Our court system is notorious for the aiding and abetting of such criminals. Our judges have become classic enablers, as has our society in general. The only reason I could ever see for this remaining so, is that there are far too many practicing alcoholics within our judiciary. That's right... the ranks of those who write and enforce our laws in this country...? Full of drunks!!! There is no other reason for it... Instances where individuals have wanted to sue a party host or a bar, because some drunk had left there intoxicated and subsequently taken someone else's life? Utter horseshit! A bar is not responsible for an individual's behaviour. If bars stopped serving patrons when they were legally drunk, they'd go out of business, plain and simple. Is it their responsibility as to "when to say when"? Absolutely not. That responsibility is completely up to their patron. It always has been. This is just another example of a society which wants to hang responsibility for it's actions on anyone else but themselves. It's as stupid and ludicrous as a group or an individual wanting to sue a gun manufacturer, because one of their loved ones was offed by one of Samuel Colt's fine products. It's time to grow up, kids...

But back to this non-smoking thing. I had always been of the opinion that it was something that I 'couldn't do'. It was with great trepidation that I considered stopping. Initially, part of you grieves the 'loss of this longtime friend'. For as strange as it sounds, it's true. But in the end, I had just gotten mad. I was sick and tired of not being able to breathe properly, of that hacking cough I had developed, of the time that I found myself devoting to this particular pursuit. But most of all, I hated how powerless subjugating myself to this addiction made me feel. I had finally had enough and it was at that juncture that I decided: "Okay... time to stop". It was that simple. My time had come.
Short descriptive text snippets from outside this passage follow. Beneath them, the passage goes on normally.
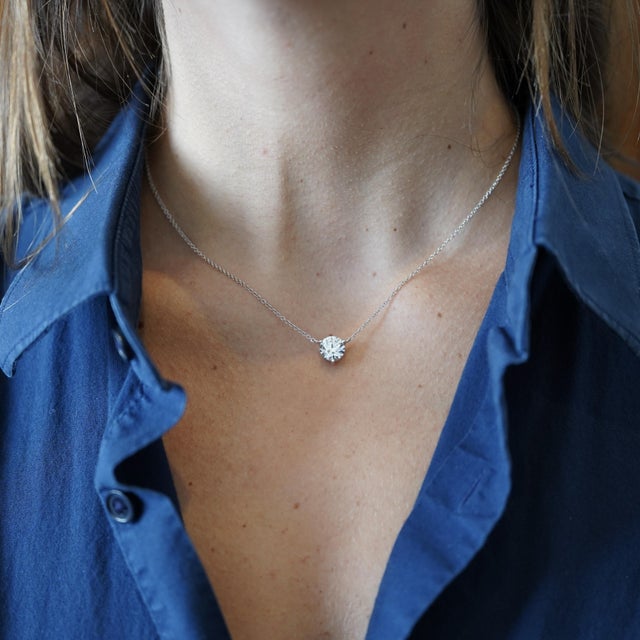 2 Carat Round Cut Lab Grown Diamond Solitaire Floating Pendant Necklace For Sale - Image 4 of 8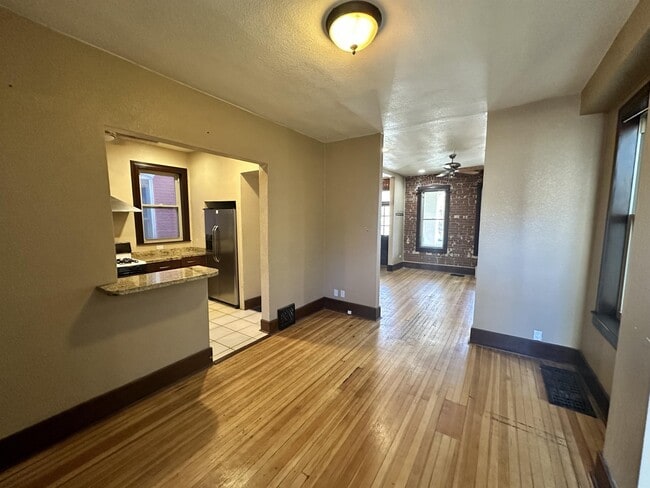 Photo - 2065 Emerson St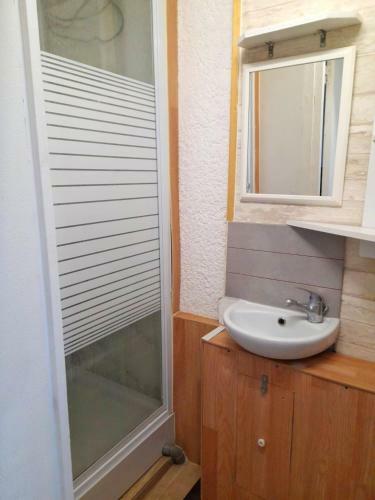 Apartamento Studio Avec Jardin Clos Et Wifi A La Crau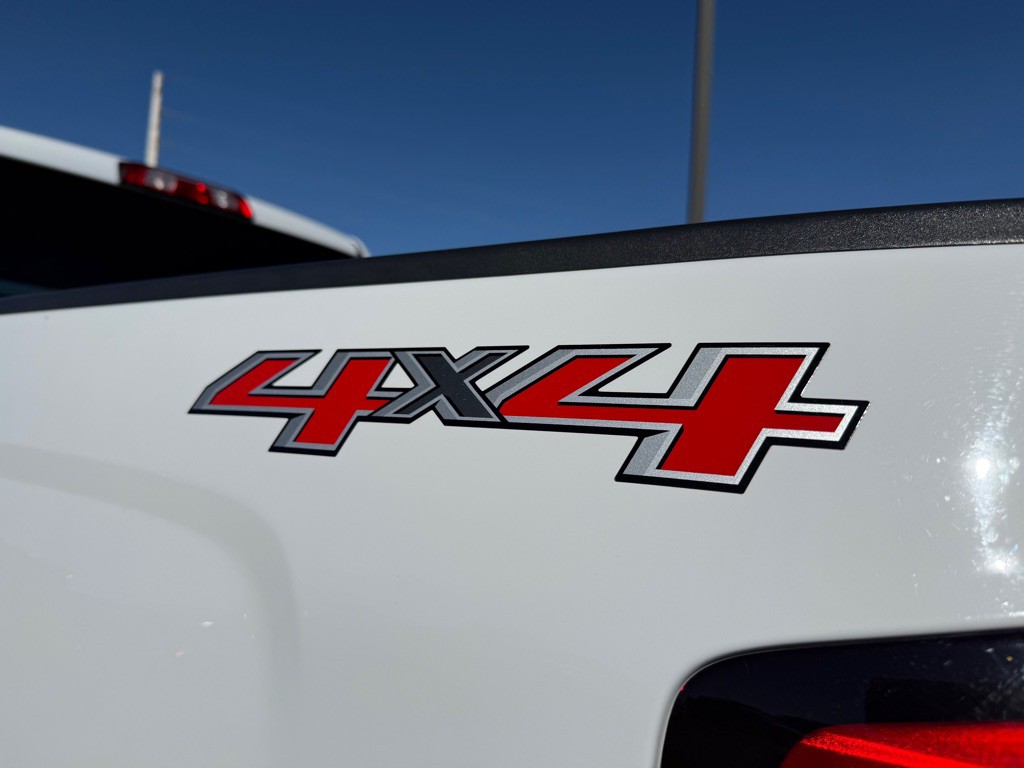 2016 Chevrolet Silverado 1500 Image 21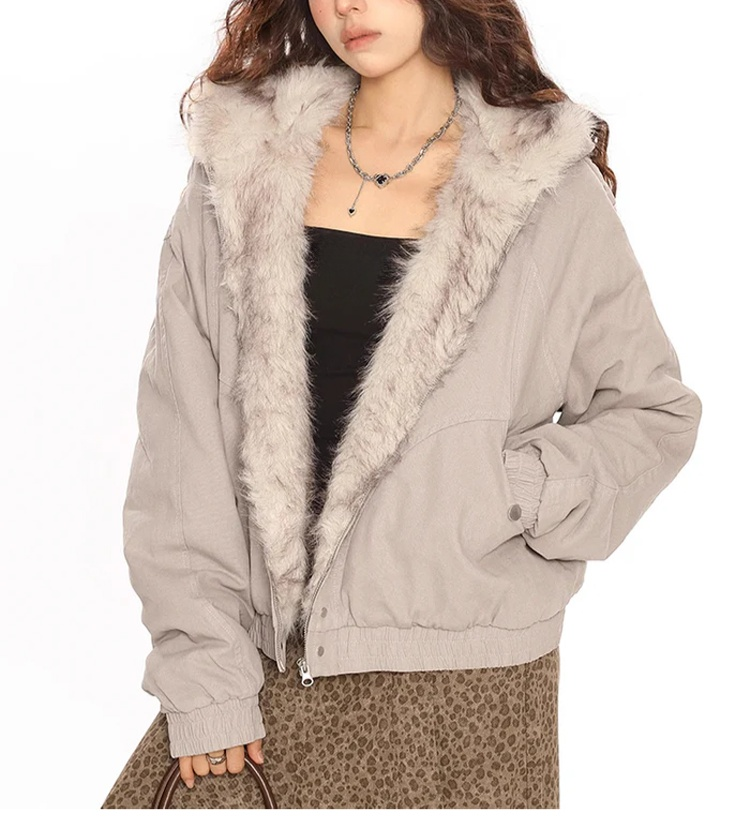 フードつきの毛皮コート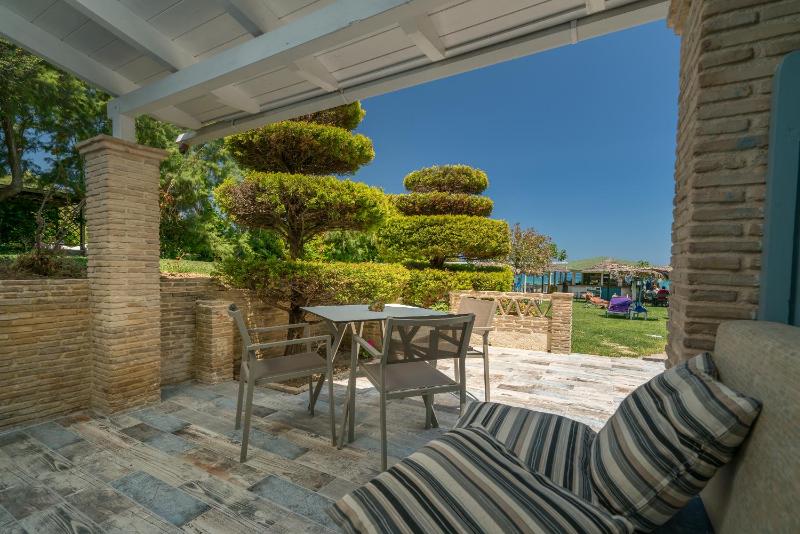 Studio with Sea View image 4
My biggest problem...? Finding stuff to do during those times of the day, when I would normally be smoking. I had to think of it for a bit at first. Breaks at work here, I would maybe go outside for a short walk around the block, just to change the air in my lungs. I did find myself snacking more than usual. I went from a 34 waist to a 36 (I'm still friggin' there...*Sigh!*), but that's also because I've become far too sedentary these days. I literally have to get off my ass and do something about it. And I will, I'm sure. After all, even though I might be able to convince myself that I deserve a whole new wardrobe for having quit smoking, there's no way I could afford or justify the cost. Besides, all that money would be better spent getting my ass down South during the winter time. For the longest time, I was convinced that I would also have to give up coffee and tea, as these were always two of my biggest 'triggers' when it came to wanting to light up a smoke. Turns out I can still enjoy both nowadays, without feeling the need for a cigarette.

So for any of you who might be of the same mindset that I was... For those of you toying with the idea of quitting but still unsure as to whether or not you can do it... Rest assured, you absolutely can. If the time is right for you, you will know it. Don't attempt it because some has nagged you into it. Don't attempt it "because if you really love me"... Don't attempt it simply because "look at these insurance rates for non-smokers"... Don't attempt it because that really, really hot new chick at work despises smokers... Just do it because you're ready to and you want to stop. I guarantee you it will work for you this time around...

Have faith in yourself. You're much stronger than you think.